クレーバ宇外相、米露首脳会談に「突破口」は期待していないと発言

ウクライナのクレーバ外相は、7日に予定されているバイデン米大統領とプーチン露大統領によるオンライン協議から、情勢解決の突破口は期待していないと発言した。

6日、クレーバ外相がICTV局番組出演時に発言した。

クレーバ氏は、「もちろん、世の中、どんなことでも起こり得るのだが、しかし、私は、明日、何らかの突破口は期待しない。私は、双方が自らの今後の行動のロジックに関して最大限の見方を口にし、その後、状況がその後どのように発展していくかにつき、複数のチームが作業をしていくということになるだろうと思っている」と発言した。

またクレーバ氏は、バイデン米大統領はプーチン露大統領に、ロシアが再侵攻に踏み切った場合にウクライナのパートナー国がどう行動するかにつき非常に明確なシグナルを伝える、プーチン氏はそれを耳にすることになると発言した。

さらにクレーバ氏は、ロシアによるウクライナをNATOに加盟させないための主張へ反論するために、ストックホルムで開かれた欧州安全保障協力機構(OSCE)外相理事会の際に各国外相と作業を始めたと伝えた。

そして同氏は、「私が話をした方の内、誰一人として、その話(編集注:ロシアによるウクライナのNATO加盟阻止の主張)を支持した者はいなかった」と述べ、「だから、今回何らかの類似の合意が達成される可能性を私は排除する。ウクライナの人々だけが、ウクライナがどこへどのように向かうかを決めることができるのだ」と強調した。

クレーバ氏は、ウクライナが公式に非軍事ブロック化を宣言していた2014年時点に、ロシアがウクライナに侵攻したことを喚起した。さらに同氏は、1994年、モルドバが中立を宣言したが、その際同国はそれがトランスニストリア問題の解決に役立つと思っていたが、「しかし、中立は紛争解決には何の役にも立たなかった」と説明した。

その上で同氏は、「皆が理解しているように、現在のロシアは安全を模索していない。同国は、紛争にて生じる混沌を模索している。なぜなら、その混沌にて、ロシアは自らにとって追加的な優位性を得ることができるからだ」と指摘した。

これに先立ち、ウクライナ国防相は、ロシア軍の侵攻の可能性があるのは1月末であり、現在ロシア軍部隊兵力9万3200人が国境沿いや被占領地に集結していると発表していた。
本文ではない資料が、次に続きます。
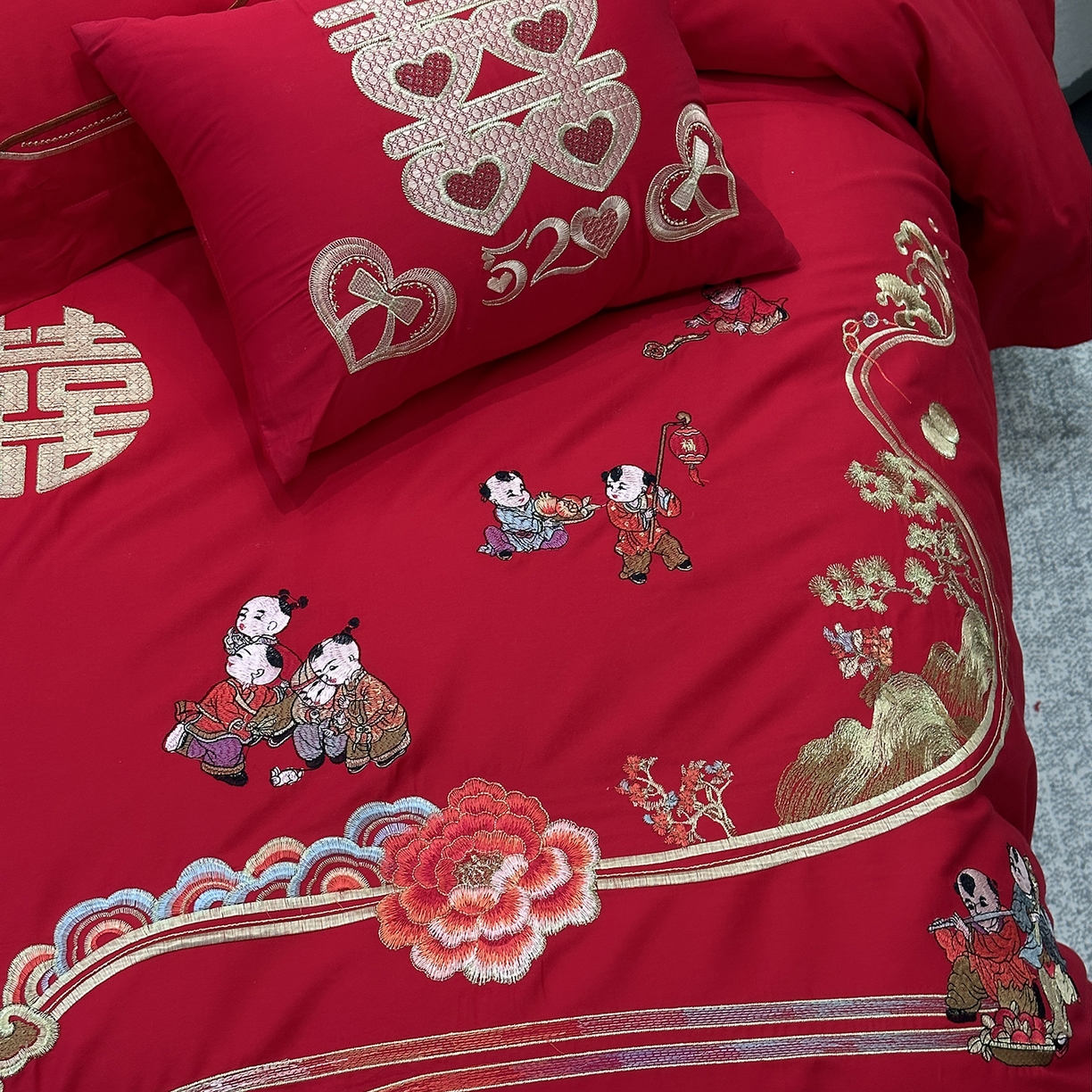 91家纺网 家纺一手货源 找家纺 JUICY 橘滋家纺 2026新款全棉大红刺绣婚庆实惠款四件套多件套 百子喜事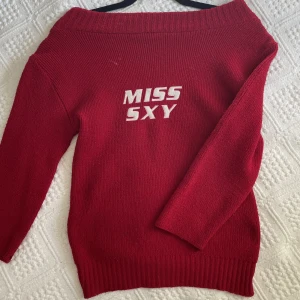 ”Miss sxy” tröja  - En 00s tröja som är stickad och har trycket MISS SXY 🌹 Ärmarna är mer trekvart än hellånga men om man använder tröjan som off-shoulder får ärmarna fulllängd.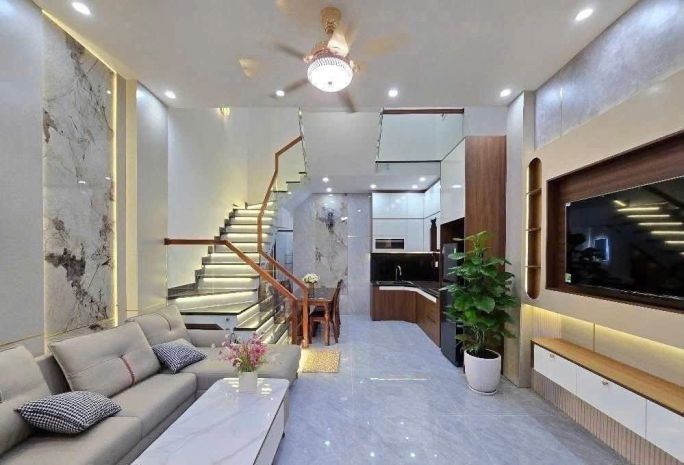 Bán nhà 3 tầng 5x25 thủ dầu một bình dương 6865622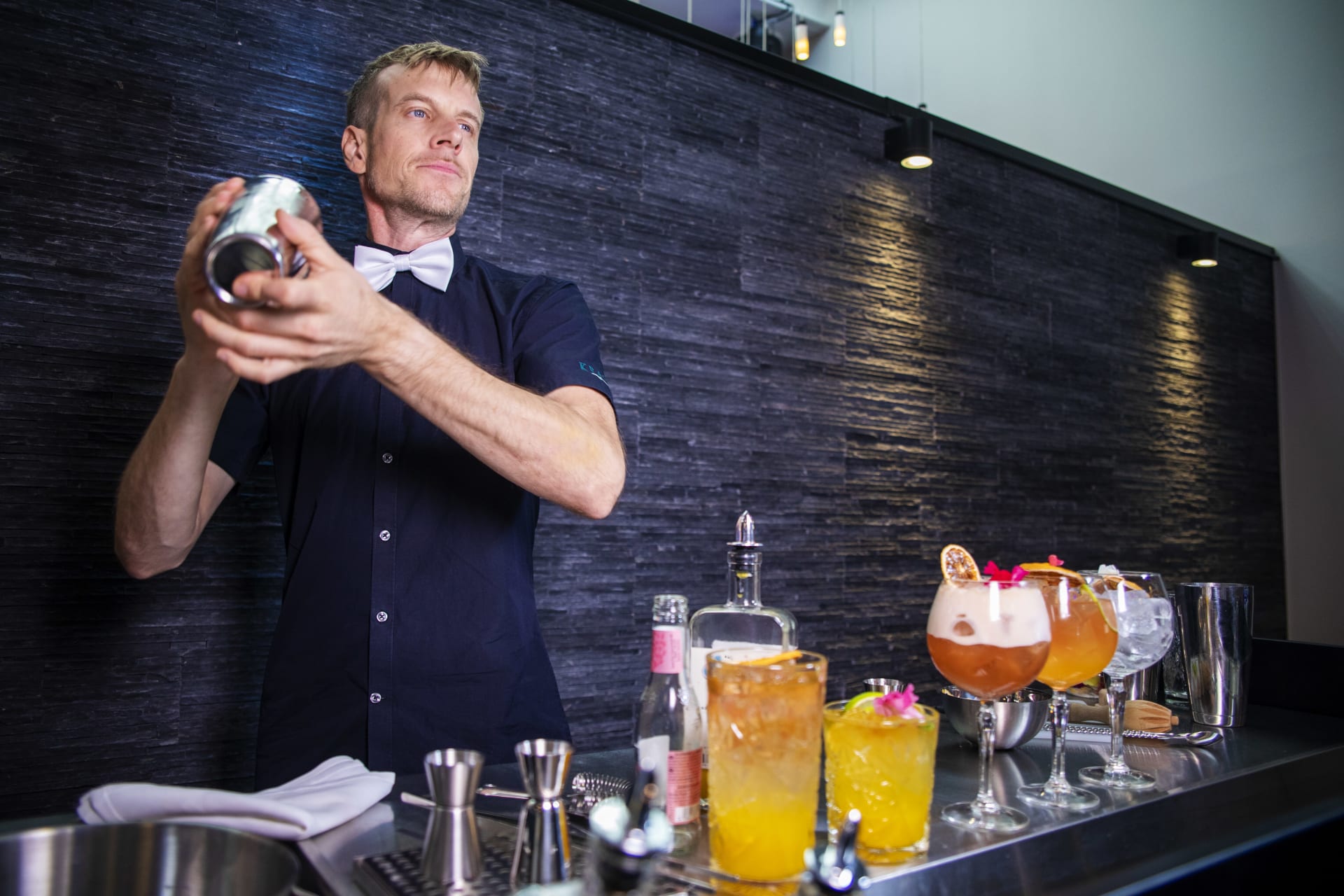 Krapin Paja’s drink master makes the best drinks
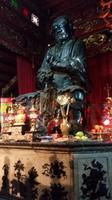 Literatur Tempel Hanoi &ndash; &copy; Christina Schwarz (Eberhardt TRAVEL)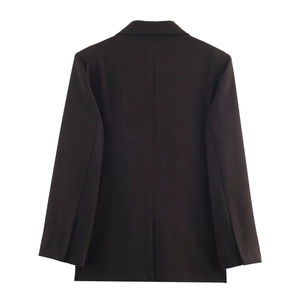 Ensemble tailleur chic noir pour femme avec blazer croisé et pantalon, vue de dos élégante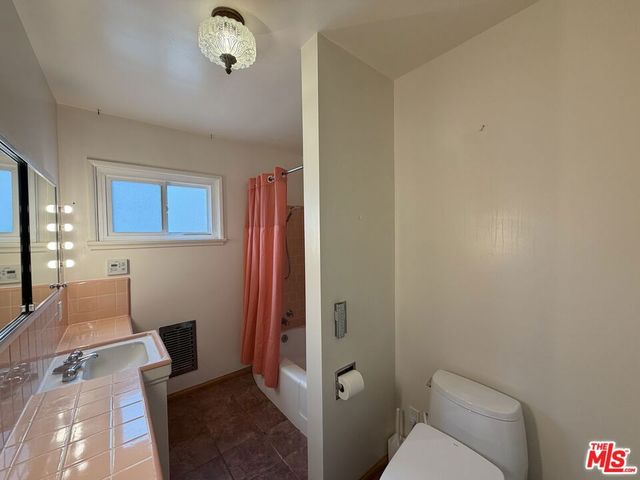 12207 Palms Boulevard, Los Angeles, CA 90066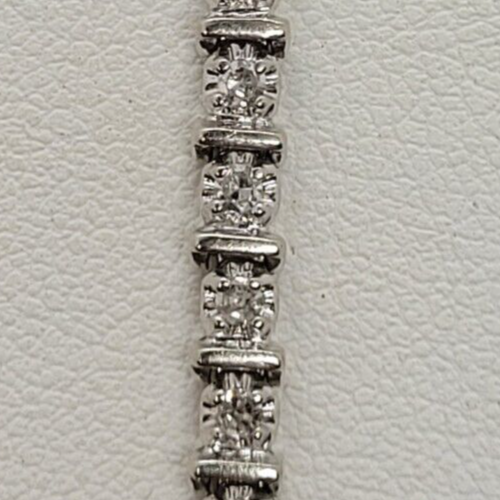 (NI-4098) Ladies 10K White Gold Tennis Bracelet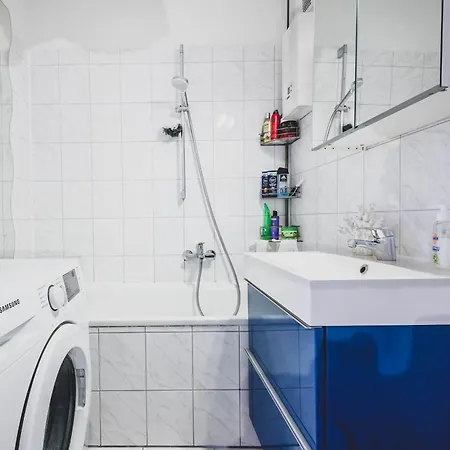 4 Zimmer Wohnung in Mittelfeld Nahe Messe Hannover *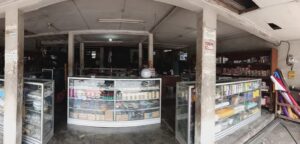 Interior lantai satu unit jual ruko murah Kerobokan dengan konsep ruang terbuka luas untuk dapur dan area pelayanan pelanggan.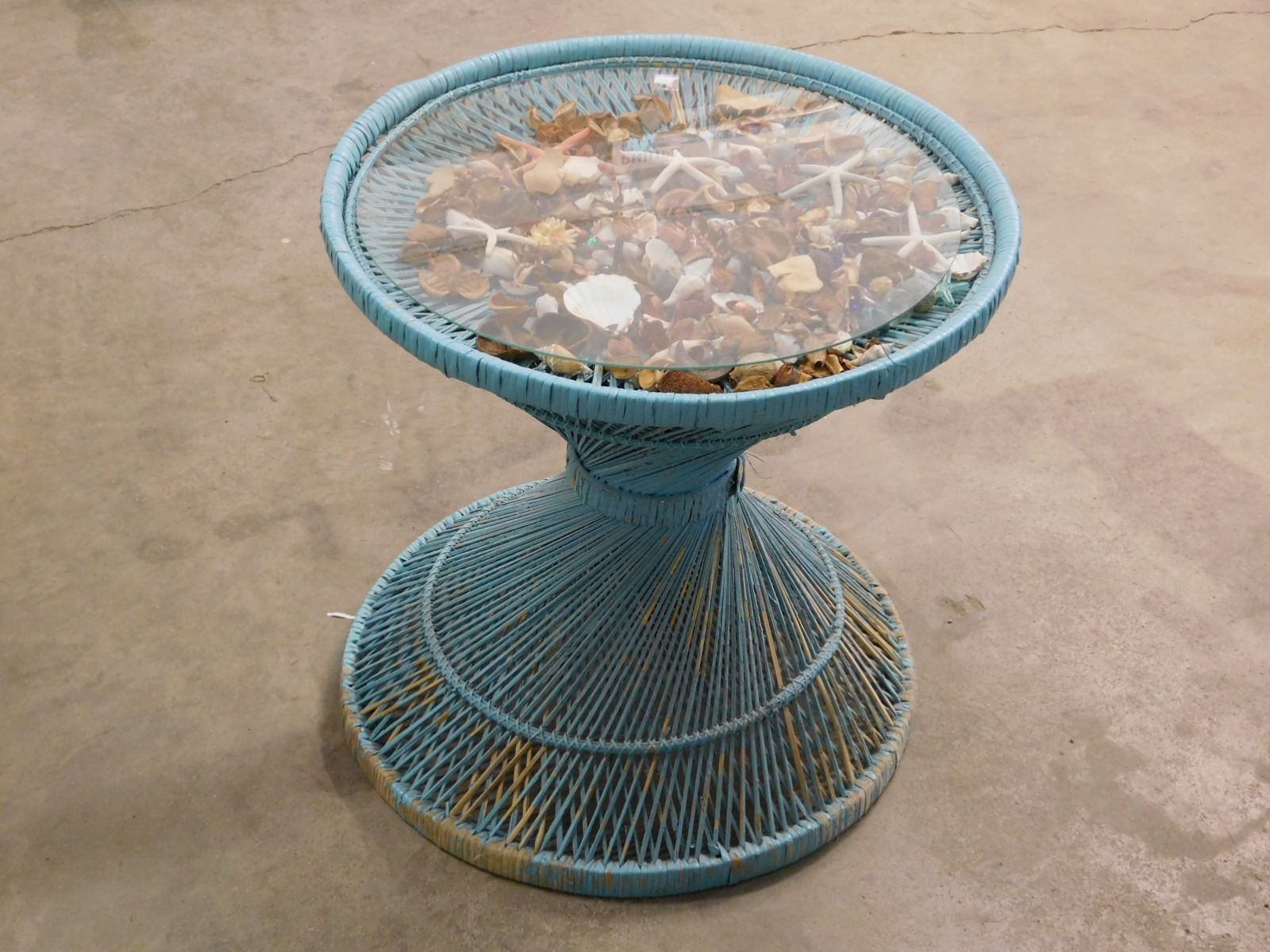 Circular Side Table End Table Blue Wicker Shells Glass Top Vintage 22 ...
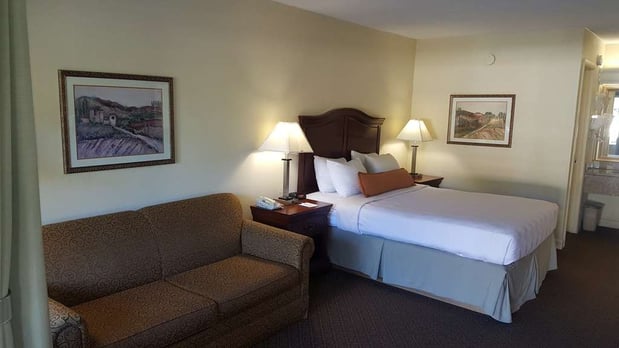 Images Best Western Point South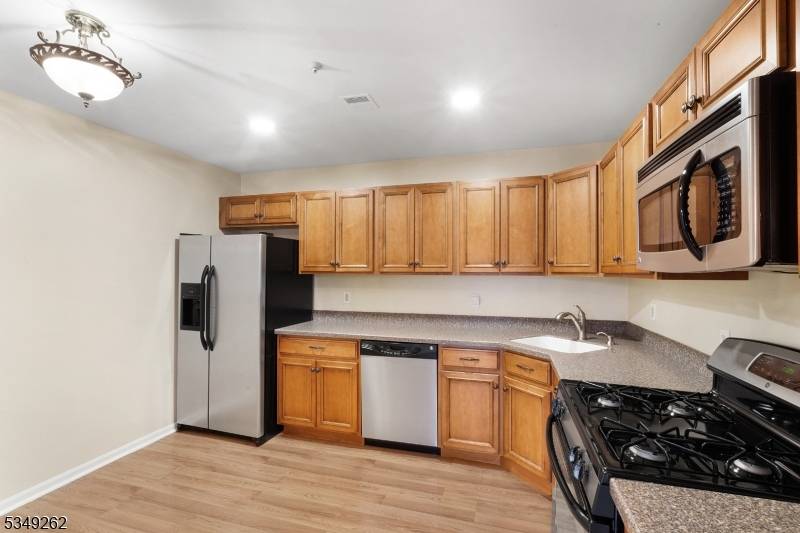 Morristown Town, NJ 07960,119 Village Dr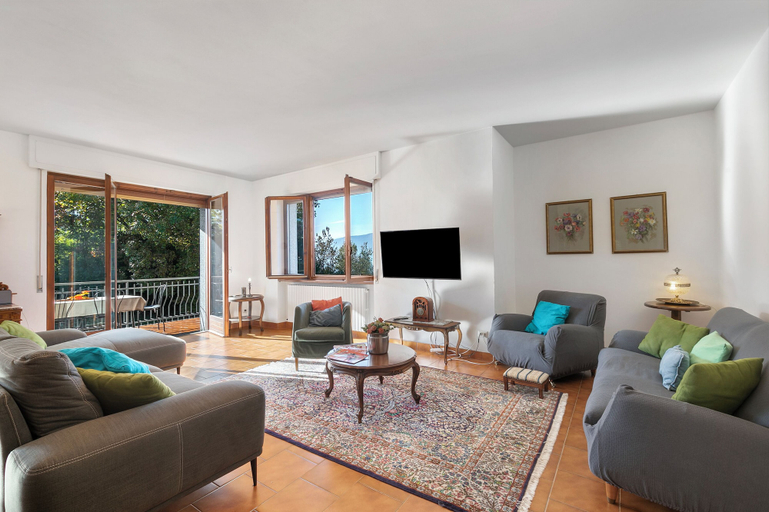Living area 2, Casa Antonia: Lake Maggiore Villa with Private pool - Happy Rentals, Varese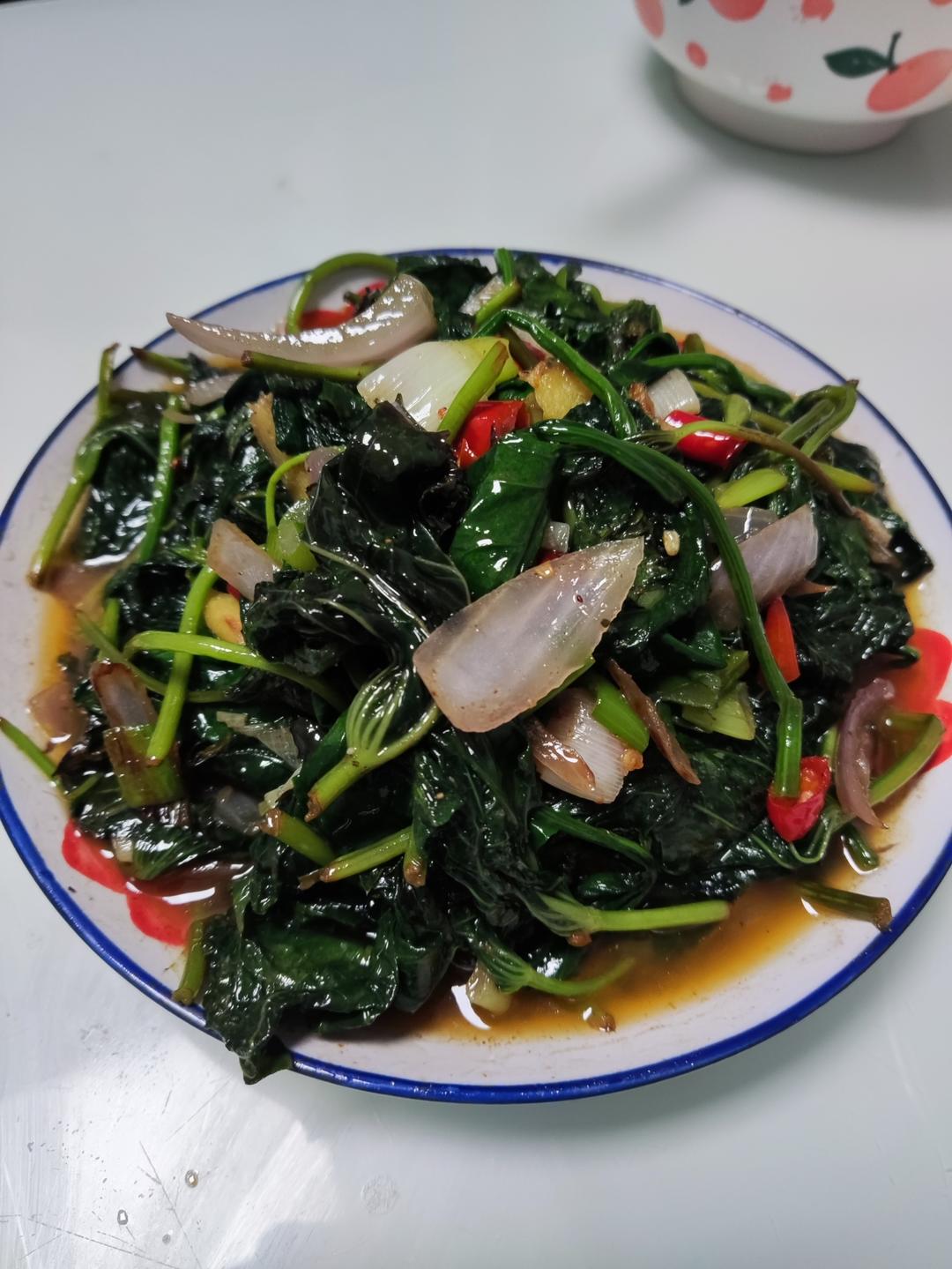 脆嫩好吃的清炒红薯叶，拿肉都不换！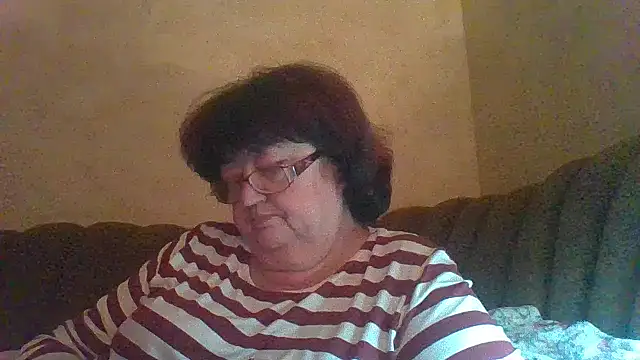 Snapshot of MilaSky5303 chatting on September 2025 04:24:01 PM MilaSky5303 online show from September 2025 04:24:01 PM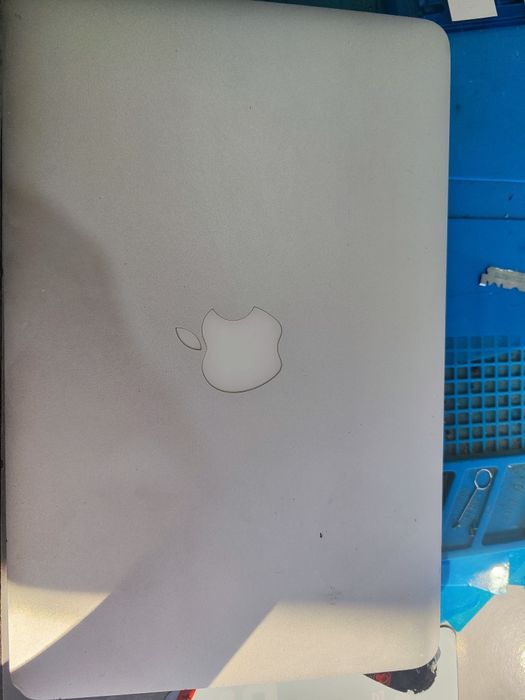 Mac book sotiladi aybi zaryadkasi yuq narxi 800000 sum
米ワシントンポストは、米情報機関の情報として、現在集結している露軍兵力は約7万と評価しつつ、1月にはこれが約17万5000人、大隊戦術群100個にまで増えた上で侵攻が始められる可能性があると報じた。他方で、ロシア政権は、侵攻計画を否定しており、ウクライナの武装を認めているとして欧米諸国を非難している。

7日にバイデン米大統領とプーチン露大統領がオンライン会談を行う予定となっている。

これに先立ち、6日、ウクライナのゼレンシキー大統領は、ブリンケン米国務長官と電話会談を行っている。その際、ゼレンシキー大統領は、平和的情勢解決プロセスには代替がないことを強調した他、ブリンケン米国務長官に対して、国境沿いの状況を報告した。また、双方は、7日の米露首脳会談後にゼレンシキー大統領とバイデン米大統領が電話会談を行うことで合意している。また、バイデン米大統領は6日、英国、イタリア、ドイツ、フランスの首脳とも本件につき電話会談を行い、立場を調整している。